Un anno di esistenze compresse da regole che, eliminando ogni differenza per salvare il maggior numero possibile di vite, non si sono curate né delle nostre ragioni né delle forme delle nostre giornate. L’impressione di essere un* fra tanti, volto sfocato nell’istantanea dell’umanità. E non è per niente piacevole.
Un anno di insofferenza per i limiti. Quando la tutela della salute degli altri è il confine della scelta individuale, ci si può stupire ricordando che è questo confine a fare dell’anarchia la libertà, ma ci si può anche sentire in trappola a causa degli altri. E non è per niente facile da accettare.
La spinta verso l’esterno
All’aumentare della pressione è aumentato il bisogno, fisico, di reazione, di riconnessione. Un tentativo di cambiamento che prova a fare del problema la soluzione. Un tentativo testardo di dimostrare che non è vero, che ci siamo, esistiamo, decidiamo. Un ripensamento che non pensa ma agisce, che non prova a ragionare e sentire ma si impone.
Un anno di paura di essere e restare irrimediabilmente sol*, trascorso gridando che non è vero.

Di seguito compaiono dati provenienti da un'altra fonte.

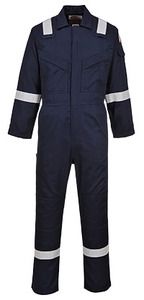 Portwest UFR21 - FR Antistatic Coverall
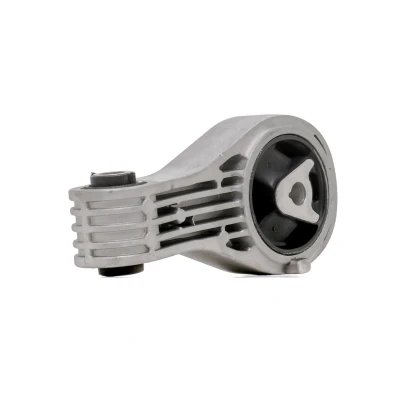 Abbildung von FEBI BILSTEIN 183665 Motorlager rechts, oben Gummimetalllager OPEL: Zafira C Tourer kfzteile, mister auto, atp autoteile, kfzteile24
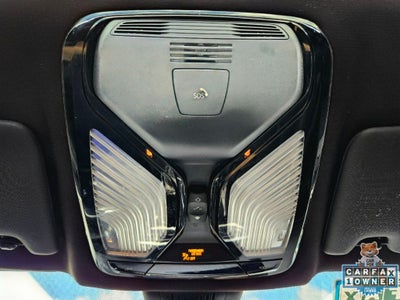 2021 BMW 4 Series M440i xDrive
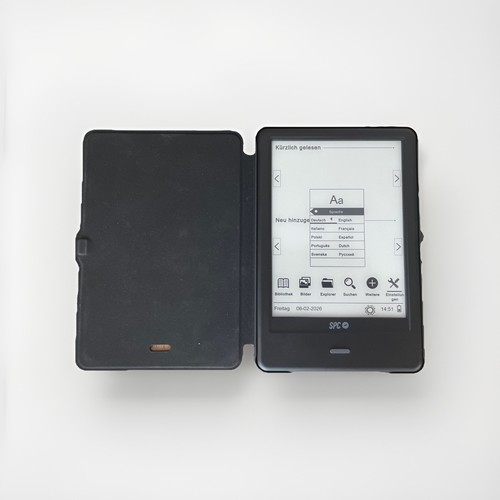 Spc dickens light ebook gb - spc,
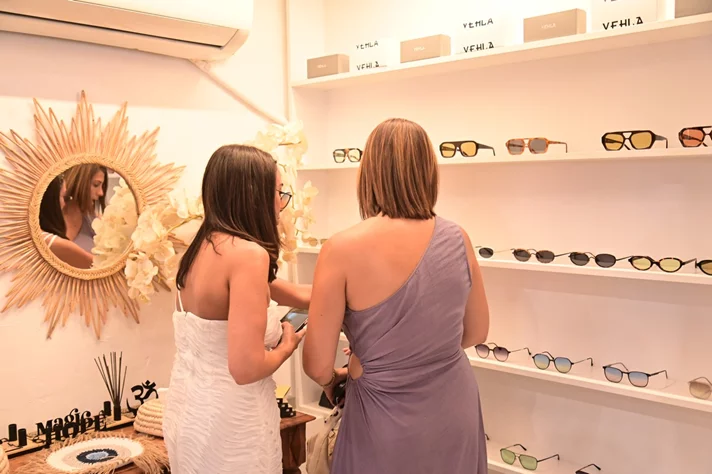 M&O Events’ Summer of Love – Edition 2 opens in Batroun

Un anno di lotta all’idea che siamo impotenti, a volte o molto spesso, anche se non lo vogliamo accettare.
Sentirsi soli o fare compagnia a sé stessi
Di quei pochi che hanno ricevuto sollievo che ne è stato? Dove sono? Di che cosa si stanno occupando?
Di sé, credo. Tra alti e bassi, tra incertezze. Contano le paure, le pettinano per vedere dietro alla chioma folta che volto nascondano, per capire da dove arrivano e che cosa vogliono dire loro con tanta foga. Si chiedono come vorrebbero che fosse il futuro, senza dare per scontato che il termine di paragone sia il prima e nient’altro. Si domandano che cosa bisogna imparare a fare, se non si stia dimenticando qualcosa o qualcuno mentre si spinge per tornare a essere liberi al punto di non sapere nemmeno di esserlo. Aspettano, parlano da soli, tengono compagnia a sé stessi.
E vissero tutti…
Quale sarebbe la morale dei 365 giorni di storie? Questa è, forse, l’unica domanda che continua a mantenere senso. Il finale deve essere scritto da qualcuno e ciascuno, se si guarda intorno, può vedere che ha tutta un’isola per cui voler scrivere il proprio.